• REQUIREMENT: The output is the line containing "For Samsung Galaxy" plus every later line down to the end of the listing below, copied exactly. No pictures belong in it.

• THE DATA:
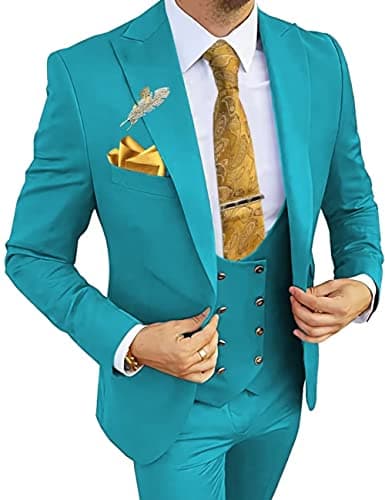 Wangyue 3-Piece Slim Fit Suits for Men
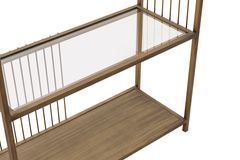 Stream Boekenkast, 80 cm, Messing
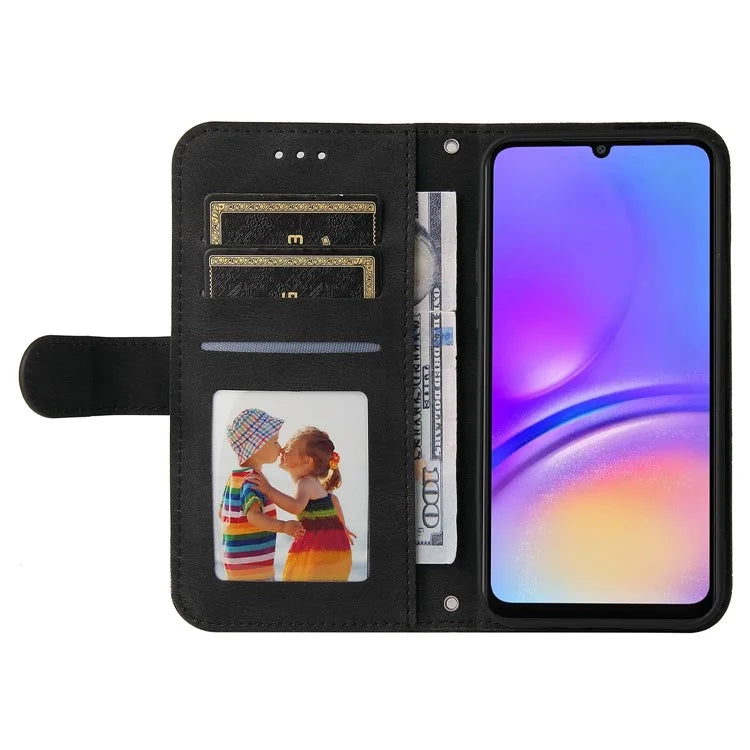For Samsung Galaxy A06 Case Wallet Skin-Touch PU Leather Phone Cover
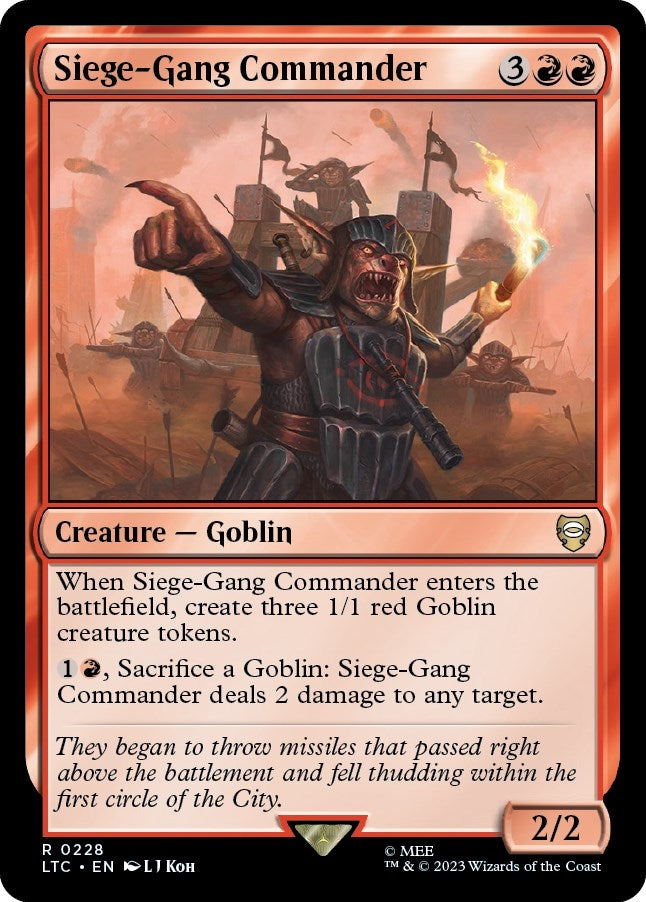 Siege Gang Commander (228) [LTC]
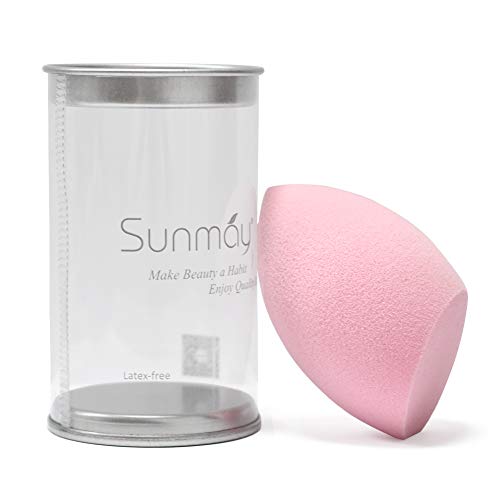 SUNMAY Esponja para maquillaje facial, esponja maquillaje sin látex para aplicar maquillaje, corrector, polvo, crema y colorete (Forma 2)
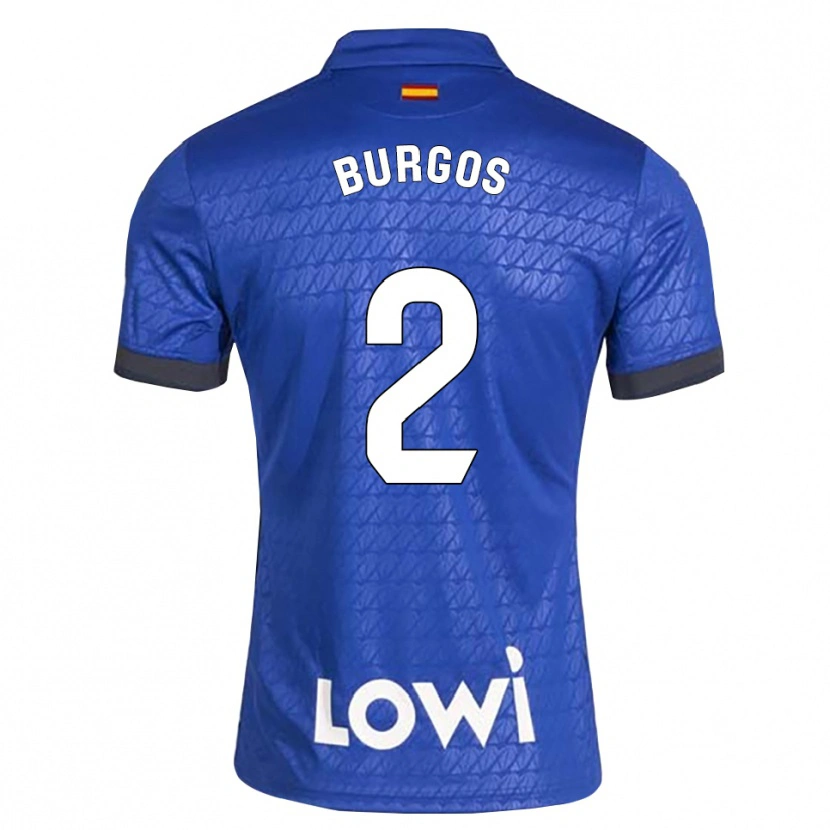 Danxen Pánské Curro Burgos #2 Modrá Bílá Černá Domů Hráčské Dresy 2026/27 Dres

• RESULT OF THE TASK:
For Samsung Galaxy A06 Case Wallet Skin-Touch PU Leather Phone Cover
 Siege Gang Commander (228) [LTC]
 SUNMAY Esponja para maquillaje facial, esponja maquillaje sin látex para aplicar maquillaje, corrector, polvo, crema y colorete (Forma 2)
 Danxen Pánské Curro Burgos #2 Modrá Bílá Černá Domů Hráčské Dresy 2026/27 Dres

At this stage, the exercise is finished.